Every participant watched the movie twice and evaluated it continuously on one dimension each time via the CEP. The instructions were given together with a graphical representation of the slider and the two poles of the according key dimension (see Figure 6A). Afterwards the participants were asked to push the slider up and down to get a feeling for the usability of the apparatus. One group then evaluated the key dimensions of liking and determinacy in two subsequent trials in an art gallery (“Griesbadgalerie” in Ulm, Germany; in a room separate from the exhibition, see Supplementary Material B). To minimize order effects, the order of the two dimensions was counterbalanced (for a visualization of the setting and the rationale of the counterbalanced design see Figure 6B). These dimensions were complemented by further testing sessions with other groups of people on the dimensions of surprise at an experimental laboratory at the University of Bamberg, Germany to be able to define insight moments as a combination of determinacy and surprise. Furthermore, we included interest as a second dimension of aesthetic appreciation by additional assessment in the same lab setting. We decided to follow this strategy as we were mainly interested in liking and determinacy and aimed to test these variables under the ecological condition of a gallery context. But to test in a gallery also means to limit the experimental approach: precisely, when testing in a gallery, the number of volunteering gallery visitors is limited, and testing runs the risk of disturbing the experience of other visitors. This made us develop the design of capturing the two key variables of aesthetic experience in the gallery and the additional variables in the laboratory (all variables were asked for in an order-balanced way). We stuck to this one-person-two-dimensions design for the gallery testing for other aesthetic factors, too, in order to keep the design consistent. After the second evaluation phase, participants filled out a questionnaire to “describe in a few own words how it felt to suddenly recognize something clearly.”
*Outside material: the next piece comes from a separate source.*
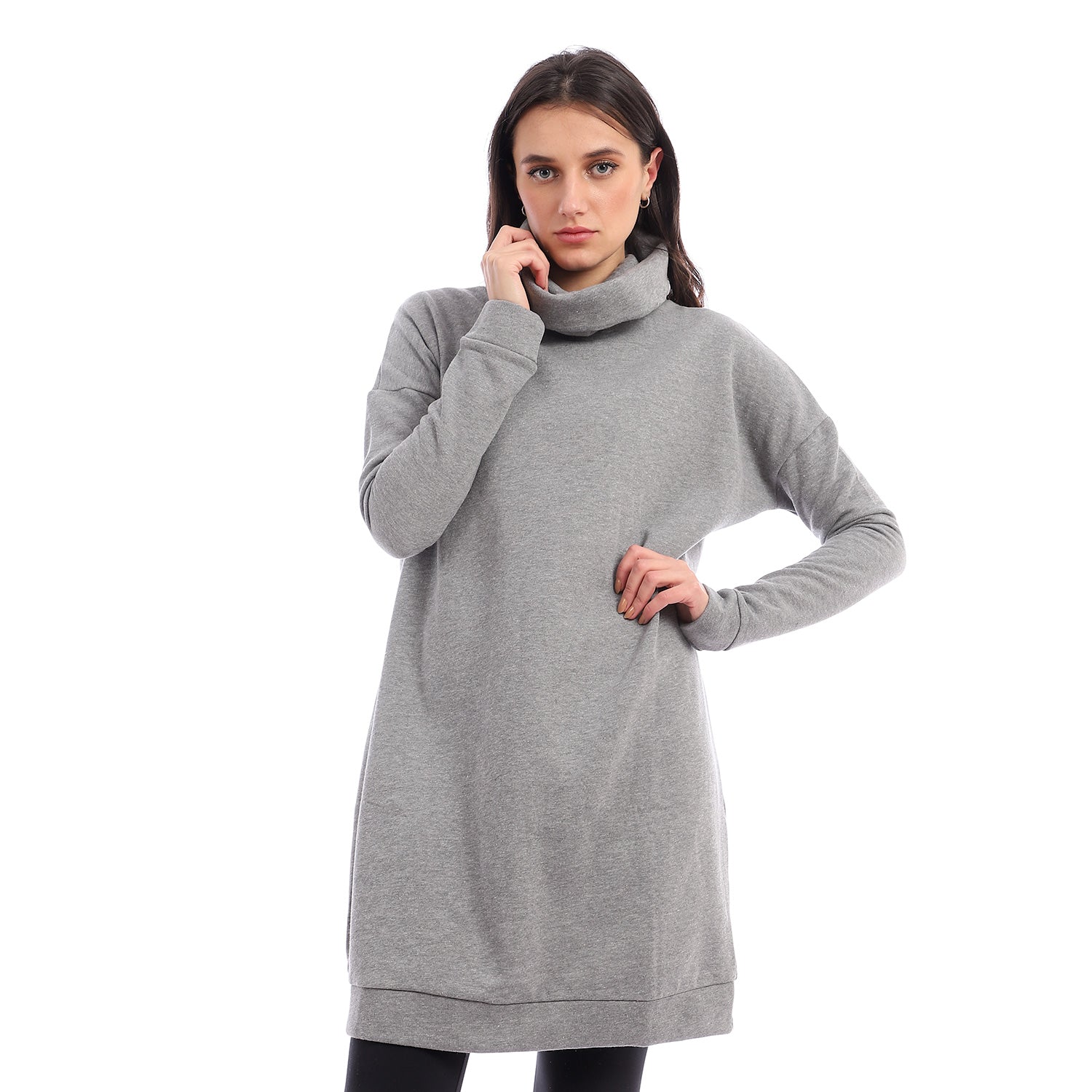 Oversized turtleneck sweater dress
Figure 6. (A) PExemplary instruction for key variable “determinacy”; (B) Experimental setting and counterbalanced procedure (variables in gray color are not integrated in further analyses; variables in black are key variables). Image courtesy of Claudia Muth.
Analysis
To define moments of insight, we described the movie's dynamics in four dimensions: three of them based on empirical data for determinacy, surprise, and interest along with data on complexity based on an automatized analysis (size of each frame after jpeg-compression, see Marin and Leder, 2013). We then identified moments of insight by (a) determining local maxima in the first derivative of ratings (averaged over participants) on determinacy and surprise, respectively and (b) identifying points in time where both derivatives reach common peaks. This follows the definition of insight as a sudden (strong surprise) and clear (high determinacy) solution to a problem (as proposed in the 1930s by Gestalt psychologists and redefined recently, e.g., by Bowden et al., 2005). We selected those peaks in which (a) the highest sum of both variables is achieved and (b) the sum of both variables contributes to the peak resulting in seven moments of insight (see Figure 7A and Supplementary Material C). While these peaks mark the points of biggest change in their respective dimension, we assume that the psychologically relevant event—the insight—had occurred shortly before the rapid increase detected by the CEP. By visual inspection of the yielding data curves, we determined this insight point (when the lever movement leading to the rapid change began to show in the data) to be 45 frames prior to the peak. So for any peak showing at t = x (x being the movie frame), the insight was located at t = x−45.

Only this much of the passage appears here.